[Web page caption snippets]

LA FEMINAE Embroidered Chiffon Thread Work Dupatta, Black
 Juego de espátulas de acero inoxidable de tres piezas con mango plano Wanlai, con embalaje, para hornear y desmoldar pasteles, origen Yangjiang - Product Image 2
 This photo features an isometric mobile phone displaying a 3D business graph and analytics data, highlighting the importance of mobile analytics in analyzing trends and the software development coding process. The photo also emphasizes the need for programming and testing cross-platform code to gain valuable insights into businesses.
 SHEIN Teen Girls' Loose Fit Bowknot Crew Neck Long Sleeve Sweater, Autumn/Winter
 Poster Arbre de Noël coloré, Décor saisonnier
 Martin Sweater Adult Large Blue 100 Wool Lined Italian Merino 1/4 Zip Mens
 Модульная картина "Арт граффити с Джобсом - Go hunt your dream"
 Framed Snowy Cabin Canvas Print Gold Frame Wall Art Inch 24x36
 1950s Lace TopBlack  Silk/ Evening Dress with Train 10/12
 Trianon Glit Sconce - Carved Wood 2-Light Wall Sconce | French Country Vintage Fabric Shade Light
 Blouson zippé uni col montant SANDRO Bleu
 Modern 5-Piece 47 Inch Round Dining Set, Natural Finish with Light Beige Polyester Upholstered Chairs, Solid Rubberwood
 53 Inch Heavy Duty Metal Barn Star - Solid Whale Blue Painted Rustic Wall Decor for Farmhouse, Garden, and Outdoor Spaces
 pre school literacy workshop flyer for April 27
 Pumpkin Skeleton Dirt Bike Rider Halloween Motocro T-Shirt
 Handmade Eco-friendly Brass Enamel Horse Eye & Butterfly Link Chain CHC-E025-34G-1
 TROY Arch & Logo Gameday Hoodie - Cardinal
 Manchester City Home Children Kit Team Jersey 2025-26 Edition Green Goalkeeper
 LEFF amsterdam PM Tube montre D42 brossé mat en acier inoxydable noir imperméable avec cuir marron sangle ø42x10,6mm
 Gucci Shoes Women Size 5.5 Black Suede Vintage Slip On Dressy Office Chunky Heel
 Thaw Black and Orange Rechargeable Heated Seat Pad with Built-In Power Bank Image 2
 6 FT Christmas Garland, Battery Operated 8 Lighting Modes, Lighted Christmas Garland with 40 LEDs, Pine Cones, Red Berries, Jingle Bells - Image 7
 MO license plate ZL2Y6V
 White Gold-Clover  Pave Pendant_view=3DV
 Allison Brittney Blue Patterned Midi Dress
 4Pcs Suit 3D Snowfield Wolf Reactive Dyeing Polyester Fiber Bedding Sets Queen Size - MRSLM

WHAT THE EXERCISE ASKS: Report how many lines in the records above contain the word "Gold", giving only the number.

EXERCISE SOLUTION: 2